Der dritte neue Bewohner wecke bei Besuchern bereits Begehrlichkeiten. Eltern fragten an, ob sie sich das Tier ausborgen könnten, weil ihre Kinder abends nicht zu Bett gehen wollten. Doch den Nachtgrapp vorübergehend herzugeben, das lasse die EU-Zoorichtlinie nicht zu. Tatsächlich wird dem „Nocturnocorvus saturnalia“ nachgesagt, kleinen Menschen nachzustellen, sie zu ergreifen und mit ihnen davonzufliegen. Schwarz gibt Entwarnung: „Kinder hat er bei uns noch keine geholt – zumindest tagsüber nicht.“
Noch lebt das an seinem rot-schwarzen Balzkleid zu erkennende Männchen quasi Flügel an Flügel mit den Schneeeulen. Doch bald soll es zu einer verwandten Gattung umgesiedelt werden. Bei der Wildschwein-Anlage hat bereits die erste Bauphase der Vorbereitungen für die Waldrapp-Voliere begonnen.

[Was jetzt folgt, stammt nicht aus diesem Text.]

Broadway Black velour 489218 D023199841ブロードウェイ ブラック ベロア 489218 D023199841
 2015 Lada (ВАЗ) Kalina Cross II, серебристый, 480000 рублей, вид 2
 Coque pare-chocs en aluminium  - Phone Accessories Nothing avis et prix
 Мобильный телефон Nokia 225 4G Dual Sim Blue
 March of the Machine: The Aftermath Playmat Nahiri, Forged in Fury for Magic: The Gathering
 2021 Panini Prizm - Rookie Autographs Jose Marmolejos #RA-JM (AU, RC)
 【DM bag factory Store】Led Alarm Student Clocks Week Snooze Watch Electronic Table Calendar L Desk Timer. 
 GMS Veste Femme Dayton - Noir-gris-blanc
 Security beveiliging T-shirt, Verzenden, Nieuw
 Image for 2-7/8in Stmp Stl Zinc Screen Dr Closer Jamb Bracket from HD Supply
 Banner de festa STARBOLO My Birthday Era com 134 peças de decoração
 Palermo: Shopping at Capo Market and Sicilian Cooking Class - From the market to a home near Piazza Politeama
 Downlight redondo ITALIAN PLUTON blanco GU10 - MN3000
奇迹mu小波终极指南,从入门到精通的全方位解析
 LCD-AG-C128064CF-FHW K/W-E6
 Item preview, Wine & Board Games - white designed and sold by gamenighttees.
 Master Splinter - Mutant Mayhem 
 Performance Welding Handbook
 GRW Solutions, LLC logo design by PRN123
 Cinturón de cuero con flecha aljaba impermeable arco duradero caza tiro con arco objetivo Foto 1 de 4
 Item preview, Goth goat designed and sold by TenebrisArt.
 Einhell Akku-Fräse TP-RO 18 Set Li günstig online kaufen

Bald soll der Kampfmittelbeseitigungsdienst den Untergrund erkunden. Denn im Herbst werden die eigentlichen Arbeiten für das Gehege starten, in dem auch der Uhu unterkommen soll. Dann wird das bisherige Domizil des Nachtgrapps allein den Schneeeulen vorbehalten sein. Weil es zoologisch bislang kaum verlässliche Untersuchungen gibt, ist unklar, wie gut sich Grapp und Rapp vertragen. „Wir wollen es einfach versuchen“, sagt Schwarz. Der Waldrapp sei klassischerweise tagaktiv, der Nachtgrapp ausschließlich nachtaktiv. Ein weiteres nicht minder spektakuläres Angebot hat Schwarz übrigens abgelehnt: „Den Pleitegeier wollten wir hier einfach nicht haben.“
Zur Feier des Zuzugs bietet das Wildpark-Team am heutigen Freitag, 1. April, von 17.30 bis 18.30 Uhr eine Spezialführung an. Los geht’s am „Wildparkstüble“.